Scenario 2: God wills that all his creatures repent and submit to his will. From this point on all follow God’s will perfectly and there is no more sin or suffering. Instead, everyone continues to grow in their knowledge and love of God and one another in perfect harmony.
Now why would anybody think the first scenario is more glorifying of God than the second? That is, why would someone think that God is somehow obliged to damn some people to unspeakable torment eternally in order to receive maximum glory?
Of course, Randall isn’t raising a serious question. He lacks the critical detachment to do so.
i) To begin with, why assume that damnation entails “unimaginable torture”?
ii) Does Calvinism state or imply, that God is “obligated” to damn anyone?
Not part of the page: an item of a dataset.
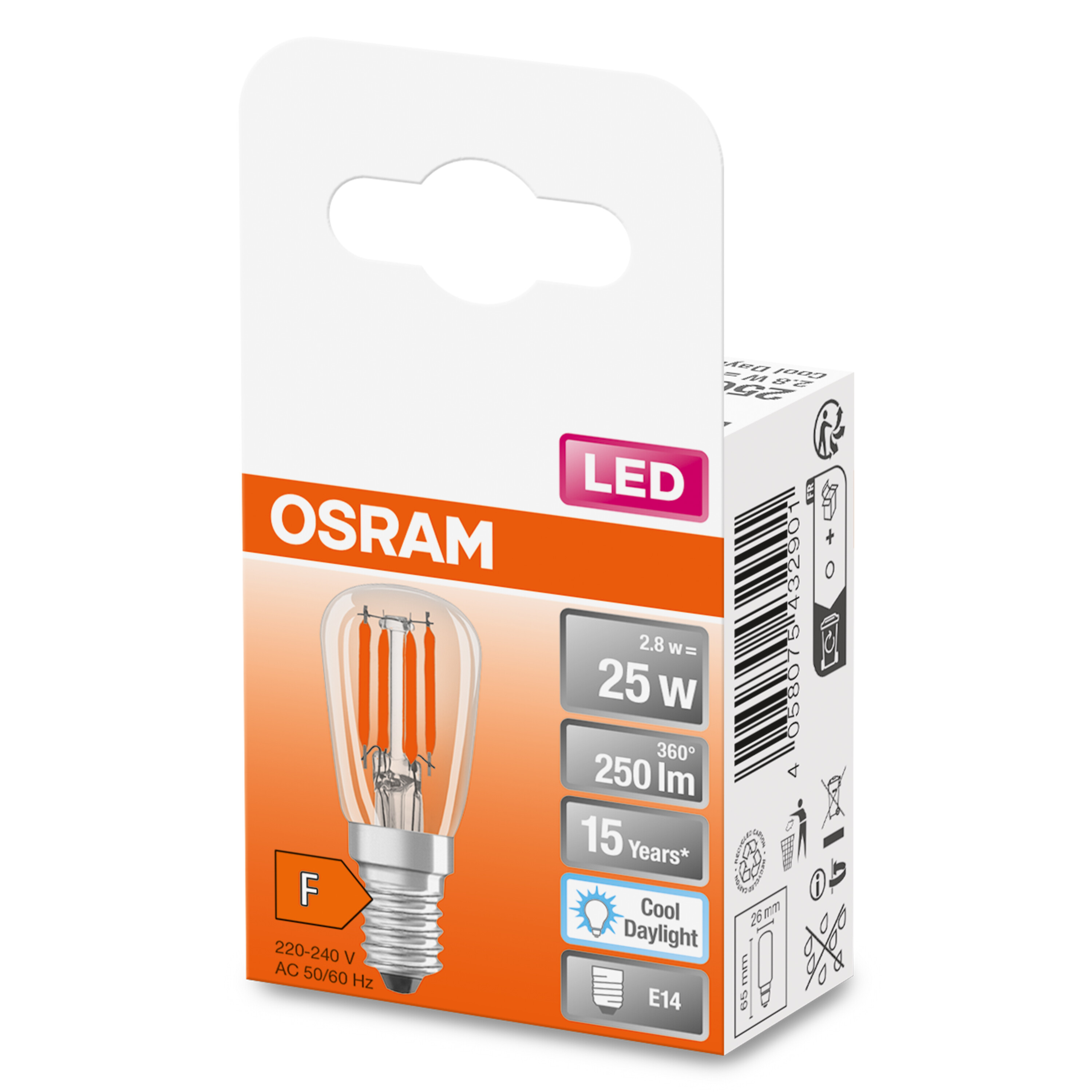 4058075432901 LEDVANCE LED SPECIAL E14 LED Bulbs 2.8 W(25 W), 6500k, Cool Daylight, T shape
Unless and until Randall can have an adult conversation on these issues, there’s not much to talk about. He’s too pleased with himself, trying too hard to be a spiritual showoff, to honestly expound or evaluate the opposing position.
The standard answer is that the first outcome is on the whole preferable and more glorifying because it allows God to manifest the full range of his attributes in a deeper way than would otherwise be possible. This is because God can exercise his sovereign wrath at the same time that he manifests his merciful love by damning some and saving others. In this way those who are saved have a fuller apprehension of God’s goodness than would otherwise be possible.
This strikes me as bizarre and indefensible.
Of course, that’s not an argument. Rather, it’s his tendentious opinion.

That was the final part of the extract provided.